What are the recommended tools these days for working with function definition expressions in macros? I’m aware of ExprTools.jl and MacroTools.jl, but I don’t know how maintained they are and whether those packages or other packages are recommended these days.
Hi! Maintainer of MacroTools.jl and author of splitdef/combinedef
here. MacroTools is not actively developed ATM, but it’s been around for a long time, and basically it does what it says it does? It’s one of the most used packages in the ecosystem, so the bugs have been ironed out.
ExprTools offers a splitdef/combinedef
with very similar interfaces. There was talk to merge the two five years ago, but that didn’t happen.
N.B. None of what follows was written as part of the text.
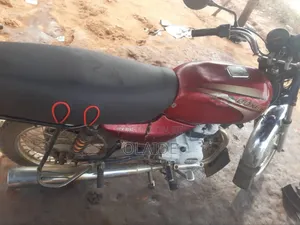 Bajaj Boxer 100 2021 Red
Not clear what the benefits are in 2025. I’m not aware of any outstanding bug in splitdef
.
There’s also MLStyle.jl which can do it. It comes with a benchmark! The graph looks off, but looking at the data behind it, it seems to be that MLStyle is faster for small-ish expressions, but slower for big ones? But that’s only precompilation time, so pretty small potatoes unless you have a widely used macro. It’s used in the SciML space; that’s a good recommendation in its favor.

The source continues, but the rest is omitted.